Assigned task:
Copy out the full set of records. Keep every word the same.

"""

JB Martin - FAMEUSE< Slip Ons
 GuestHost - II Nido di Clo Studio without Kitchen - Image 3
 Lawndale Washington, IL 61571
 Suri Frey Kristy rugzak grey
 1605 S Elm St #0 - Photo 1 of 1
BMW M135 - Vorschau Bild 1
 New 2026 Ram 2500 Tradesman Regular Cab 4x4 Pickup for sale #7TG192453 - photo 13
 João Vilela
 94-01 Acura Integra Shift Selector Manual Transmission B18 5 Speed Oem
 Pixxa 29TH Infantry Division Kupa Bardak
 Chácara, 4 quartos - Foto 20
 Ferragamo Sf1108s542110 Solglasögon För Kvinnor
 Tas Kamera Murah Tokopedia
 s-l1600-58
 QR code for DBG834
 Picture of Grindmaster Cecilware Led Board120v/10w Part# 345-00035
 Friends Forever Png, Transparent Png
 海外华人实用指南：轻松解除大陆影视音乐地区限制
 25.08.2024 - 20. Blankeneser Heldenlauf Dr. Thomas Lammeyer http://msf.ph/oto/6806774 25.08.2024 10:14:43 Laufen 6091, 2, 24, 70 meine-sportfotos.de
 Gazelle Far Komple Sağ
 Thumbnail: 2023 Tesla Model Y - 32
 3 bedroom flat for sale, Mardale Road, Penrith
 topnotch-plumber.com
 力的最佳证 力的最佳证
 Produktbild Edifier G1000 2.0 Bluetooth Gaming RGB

"""

Response below:
JB Martin - FAMEUSE< Slip Ons
 GuestHost - II Nido di Clo Studio without Kitchen - Image 3
 Lawndale Washington, IL 61571
 Suri Frey Kristy rugzak grey
 1605 S Elm St #0 - Photo 1 of 1
BMW M135 - Vorschau Bild 1
 New 2026 Ram 2500 Tradesman Regular Cab 4x4 Pickup for sale #7TG192453 - photo 13
 João Vilela
 94-01 Acura Integra Shift Selector Manual Transmission B18 5 Speed Oem
 Pixxa 29TH Infantry Division Kupa Bardak
 Chácara, 4 quartos - Foto 20
 Ferragamo Sf1108s542110 Solglasögon För Kvinnor
 Tas Kamera Murah Tokopedia
 s-l1600-58
 QR code for DBG834
 Picture of Grindmaster Cecilware Led Board120v/10w Part# 345-00035
 Friends Forever Png, Transparent Png
 海外华人实用指南：轻松解除大陆影视音乐地区限制
 25.08.2024 - 20. Blankeneser Heldenlauf Dr. Thomas Lammeyer http://msf.ph/oto/6806774 25.08.2024 10:14:43 Laufen 6091, 2, 24, 70 meine-sportfotos.de
 Gazelle Far Komple Sağ
 Thumbnail: 2023 Tesla Model Y - 32
 3 bedroom flat for sale, Mardale Road, Penrith
 topnotch-plumber.com
 力的最佳证 力的最佳证
 Produktbild Edifier G1000 2.0 Bluetooth Gaming RGB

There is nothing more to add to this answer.